Auwalu posited that the conditions put in place will protect the interest of all investors, stressing that any disagreement arising among awardees and their partners postaward would first be referred to the Nigerian Oil and Gas Alternative Dispute Resolution Centre in DPR.

He acknowledged that the success of the bid round conducted in 2002/ 2003 was endangered with litigations and other challenges, which hampered the development of some of the awarded 24 marginal oilfields to the detriment of the nation.

“We have learnt from the mistakes made in the past, and have come up with workable solutions to ensure that the objective of the development of our marginal fields is achieved.

“This time around, our awardees will be credible investors with technical and financial capability.

“There are also the post-general award conditions. This deals with transfer of interest post-award. It means awardees cannot transfer more than 49 per cent interest to another party post-award.

“The conditions also include termination of rights of interest holders, which gives the minister the power to withdraw the interest of a party who fails to meet its obligations in terms of joint awardees” he noted during a webinar.

Another key issue which seems not to be under consideration in the current process is an alleged deal negotiated with the Niger Delta militants during the Umar Yar’adua administration’s efforts to return peace to the region.
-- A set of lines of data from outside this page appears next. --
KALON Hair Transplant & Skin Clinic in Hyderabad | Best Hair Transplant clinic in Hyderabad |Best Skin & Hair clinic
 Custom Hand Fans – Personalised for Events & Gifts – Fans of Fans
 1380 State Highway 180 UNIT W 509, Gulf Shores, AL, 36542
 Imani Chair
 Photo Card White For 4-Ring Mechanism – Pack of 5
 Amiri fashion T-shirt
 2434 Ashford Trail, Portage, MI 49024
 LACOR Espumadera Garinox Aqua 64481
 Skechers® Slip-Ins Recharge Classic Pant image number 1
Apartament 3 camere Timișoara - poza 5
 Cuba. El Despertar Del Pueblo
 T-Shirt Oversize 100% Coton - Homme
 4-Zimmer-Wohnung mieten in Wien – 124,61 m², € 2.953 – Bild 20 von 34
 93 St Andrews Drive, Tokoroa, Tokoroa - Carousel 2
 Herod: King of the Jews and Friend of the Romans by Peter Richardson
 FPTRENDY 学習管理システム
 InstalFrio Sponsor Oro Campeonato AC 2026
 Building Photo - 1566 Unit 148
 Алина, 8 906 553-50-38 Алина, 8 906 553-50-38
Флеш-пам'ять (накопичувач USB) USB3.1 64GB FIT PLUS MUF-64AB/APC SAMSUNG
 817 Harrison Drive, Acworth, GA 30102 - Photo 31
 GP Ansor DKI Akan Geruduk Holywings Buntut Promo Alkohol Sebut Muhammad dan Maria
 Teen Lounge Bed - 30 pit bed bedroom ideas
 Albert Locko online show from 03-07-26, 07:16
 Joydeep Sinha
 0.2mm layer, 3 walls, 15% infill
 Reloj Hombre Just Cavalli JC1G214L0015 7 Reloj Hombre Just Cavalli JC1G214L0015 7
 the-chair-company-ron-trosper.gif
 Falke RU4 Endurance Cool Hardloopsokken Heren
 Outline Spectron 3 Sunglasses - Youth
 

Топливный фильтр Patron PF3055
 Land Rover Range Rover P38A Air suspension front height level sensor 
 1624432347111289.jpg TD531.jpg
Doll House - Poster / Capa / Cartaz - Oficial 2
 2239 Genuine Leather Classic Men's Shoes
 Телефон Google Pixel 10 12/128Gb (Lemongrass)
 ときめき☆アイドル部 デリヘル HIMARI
He was said to have agreed with the agitators that 10 per cent of royalties were supposed to go to the oilbearing communities under trusts and offering residents of the region 10 per cent of all oil and gas ventures in an effort to end the unrest that had hampered oil production.

He eventually directed the Ministry of Petroleum to document the plan, which eventually found its way in the draft Petroleum Industry Bill (PIB), which has been in the works for a while.

Added to that, oil industry experts have warned that the rush to sell off the marginal fields may backfire if all the issues are not first sorted out.

Mr. Joe Nwakwue, National President, Society of Petroleum Explorers (SPE), Nigeria, faulted the timing at a time the Covid-19 has left businesses gasping for breath.

He insisted that the government should take time and review the existing laws, address other challenges facing the programme and bemoaned the likely political interference in the entire chain, including fiscal uncertainty and poor regulation that could negatively affect the process.

More importantly only fields should be should to only competent and proven investors with capacity to add value and whose foreign partners must be proven with a track record of performance.